30
Mayıs
2024
Perşembe
ANASAYFA

İnanç ve Hoşgörüsüzlük (37)


LATİN MİSYONELERİN GÜNAHLARI IV. :

Portekizli Macellan’ın İspanya hizmetine geçiş öyküsünü anlattıkdan sonra İspanyol conquistadorlarının fetih ve misyonerlik maceralarına geçelim.

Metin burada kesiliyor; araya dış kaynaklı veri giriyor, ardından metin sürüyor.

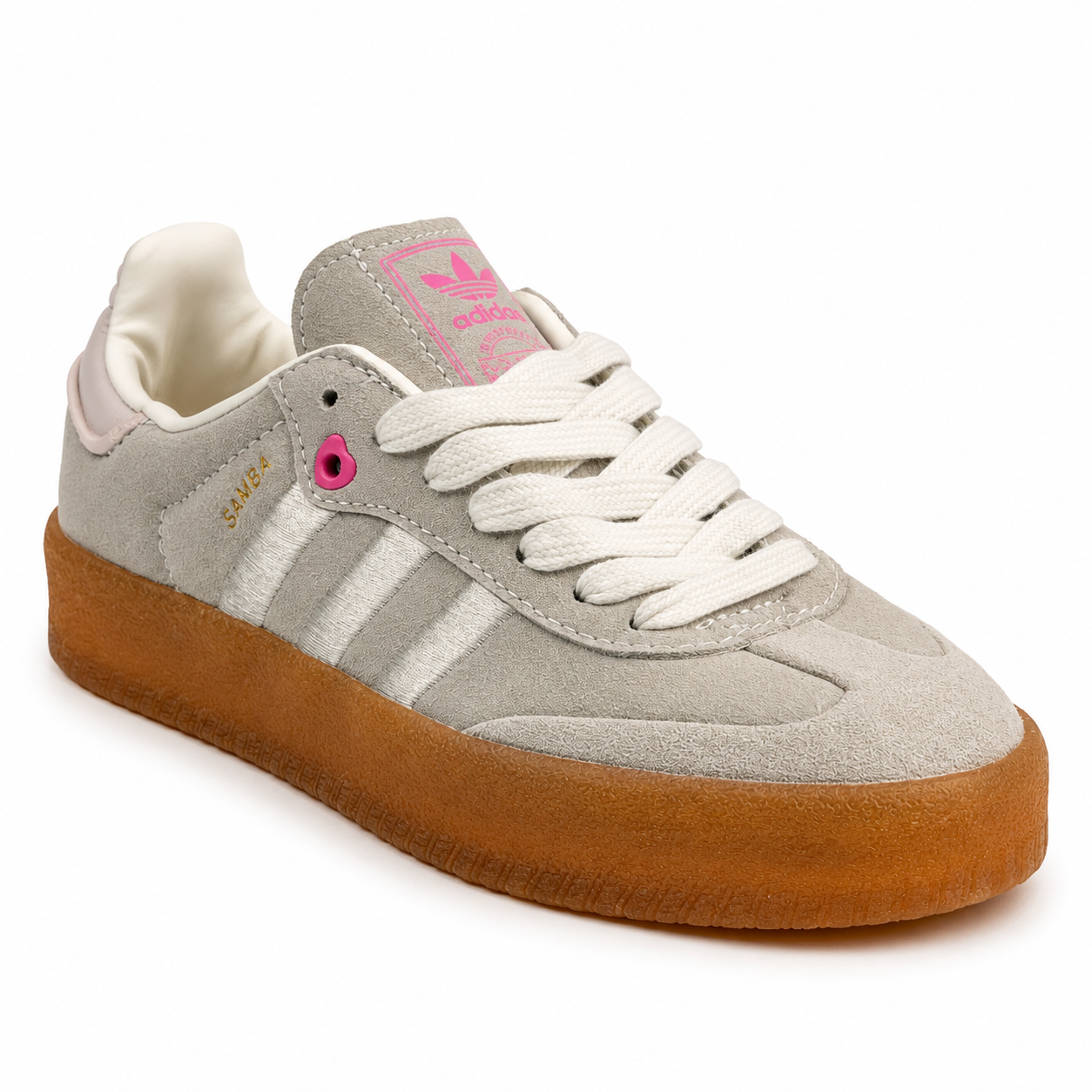 adidas Samba OG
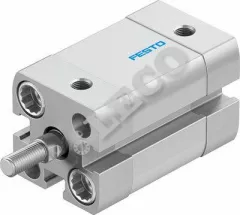 CILINDRU COMPACT ADN-12-10-A-P-A FESTO 536205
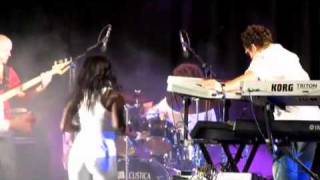 Incognito   Always there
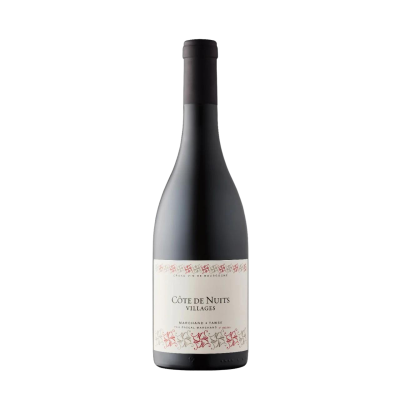 2020 Marchand-Tawse Côte de Nuits-Villages
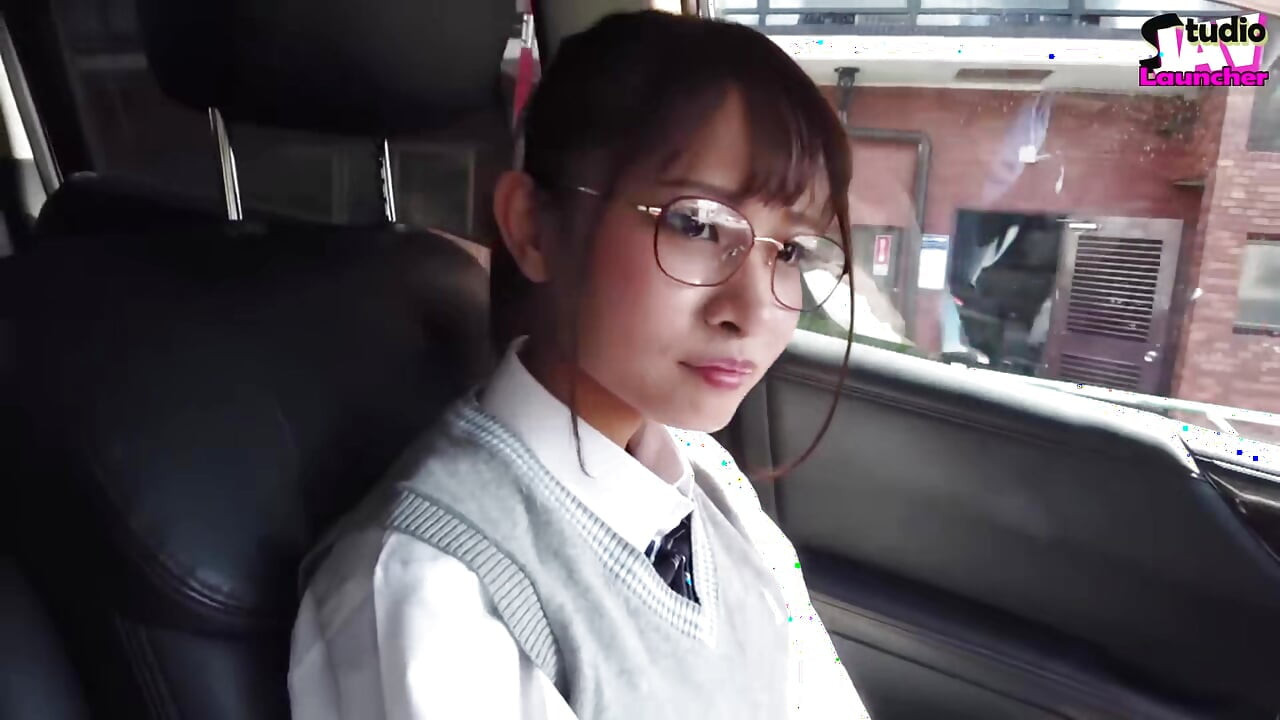 ソフトハロー―この可愛いミューズがカメラの前で飲み物を飲み干す様子、どう対応できる?第5章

Juan Ponce de Leon : 1460, Valladolid doğumlu Ponce de Leon, son Mağribî Devleti Granadanın zaptına ve yeni keşiflerin ömür boyu yöneticisi olarak atanmış olan Kristof Kolomb’un 1493’deki ikinci Yeni Dünya seferine katılmıştı. Kolombla birlikde dönmeyip, şimdi Dominik Cumhuriyeti denilen Santo Domingo adasında kaldı. 1506’da Kolomb ölünce, İspanya adına yapılacak keşiflerin yöneticiliği varisi olan oğlu Diego Columbus’dan esirgenmiş, bu yöneticilik Ponce de Leon’a verilmek istenmişt. Konu davalık oldu ve iki kaptanın arası açıldı. Ponce de Leon’a şimdilik Kuba adası civarının keşfi görevi verildi. Kaptan Hispaniola’ya geçti ve adanın doğu bölümünü zaptederek orada “Higuey” yerleşimini tesis etti. Ödül olarak kendisine Higuey’in valiliği verildi. Orada, “Borinquen” (şimdiki Puerto Rico yerlilerine de “Borinquen” deniyor) adasının zenginlikleri hakkında iştah açıcı söylentiler işitince 1508’de bu adaya sefer açtı; karşılaştığı direnci zalimce bastırarak orayı İspanya adına ele geçirdi. 1509’da tayin edildiği ada valiliğinden, çok zalim yönetimi yüzünden 1511’de alındı. Yerli halk Taino’ları kale yapımında ve madenlerde hayvanlar gibi çalıştırmıştı. Zavallılar bu ağır çalışma koşullarından ve bağışıklıkları olmadığı Avrupadan taşınan mikroplardan yakalandıkları hastalıklar yüzünden telef oldular. Ponce de Leon’a daha sonra Bahamalardaki Bimini adasını bulup teslim alma yetkisi verildi. Bir yandan da efsanevî “Gençlik Pınarı”nın arayışında idi. Puerto Rico’dan, 3.Mart.1513’de üç gemi, 200 kadar personelle ayrıldı. Büyük Türk Adası ve San Salvador uğraklarından sonra, o sıralar St. Augustine denilen Florida’nın doğu kıyısına 2.Nisanda çıktı. Bir rastlantı, gene bir paskalya yortusu zamanı ayak bastığı bu zengin bitki örtülü toprağı “Pascua de Florida-Çiçekli” yortu diye isimlendirmiştir. Aslında, Floridaya çıkan ilk Avrupalı olmadığı, İspanyolca bilen bir yerlinin varlığından da anlaşılmıştır. İspanya adına sahiplendiği bu adadan bugün “Gulf Stream” denilen ve Avrupa-Amerika arası ulaşımda çok önemli yeri olan sıcak su akıntısına doğru yol aldı. Güney Floridaya dönüşde adamları ile yerliler arasında bir kavga çıkınca önce tekrar Bimini adasını arama kararı verildi. Kuba’yı geçtikden sonra Bimini değil, Andros Adasına rastladılar. Puerto Rico’ya dönüşde, isyan çıkaran yerlilerin cezalarını insafsız bir kıyımla veren Ponce de Leon Eylûl.1514’de İspanyaya dönerek, kendisine verilen İspanya Krallığı Baş Kaptanı ünvanı töreninde bulundu.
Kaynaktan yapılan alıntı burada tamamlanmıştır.